4 Haziran 2014 Çarşamba

Delilik üzerine

İnsanlar neden deli olmaktan korkar? Hangi şartlar insanı deli olmaya iter? Deliler gerçekten "deli" midirler?

Günlük hayatımızda da farklı olarak nitelendirebilecek -daha önce başka insanların kalkışmadığı- bir işe kalkıştığımızda karşılaştığımız, üzerine o kadar da düşünülmeyen bir soru vardır; "deli misin?"

Delilik, farklı olmak mı demektir? Farklı ve cesur şeyler yaşamak için insanın deli olmaya mı ihtiyacı vardır?

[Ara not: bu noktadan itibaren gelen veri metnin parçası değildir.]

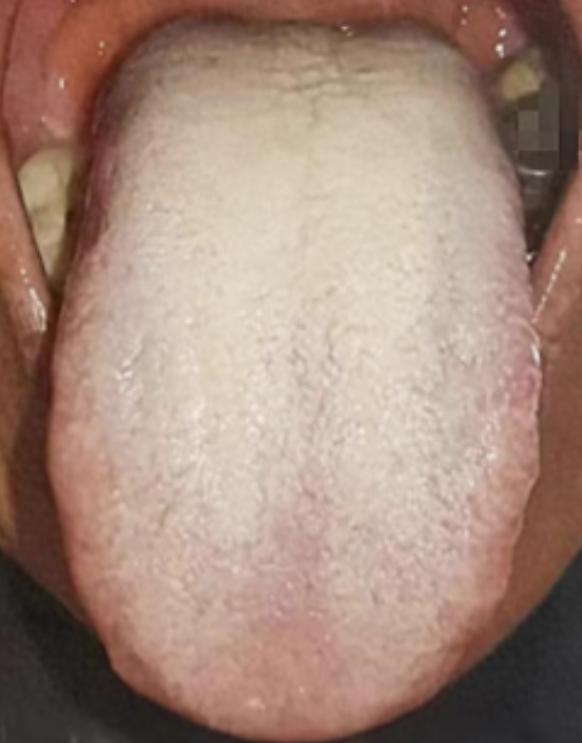 舌瘦长淡白 + 厚腻苔，还舌边鼓胀舌中凹？这是气血、肝、脾、肾全 “弱” 了，越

Tarihe bir göz attığımda deli olarak nitelenen Einstein, Kristof Kolomb hatta Everest'in zirvesine çıkan bir Edmund Hillary var. Bu insanlara neden deli dediler? Toplumun kıskacından çıkan insan deli damgası yemeye mahkum oluyor anlaşılan.

Kıssadan hisse: Bir büyücü ülkesinin insanlarını zehirlemek ister, bunun için ülkesinin insanlarının su içtiği bir kuyuya delilik iksiri atar. Zamanla halk iyiden iyiye delirir, yalnızca kraliyet ailesi kendilerine özel kuyudan su çektiklerinden zehirlenmemişlerdir. Kral çok kaygılanır ve halkı iyileştirmek için bir dizi emir verir, ancak polisler de delirmiştir. Kralın emirlerini saçma bulur ve uygulamazlar. Ülkede yaşayanlar kralın emrini duyduklarında onun çıldırdığına inanırlar ve onu tahtından indirmek isterler. Kral da çare olarak gidip o kuyunun suyundan içer ve böylece o da delirir ancak bu şekilde toplumun içinde krallığını sürdürebilir.

Kaçınız farkındadır bilmiyorum fakat çevremizdekiler "hep aynı kuyunun suyunu içmiş insanlar" Kendilerini normal sanıyorlar çünkü hepsi de aynı şeyi yapıyorlar!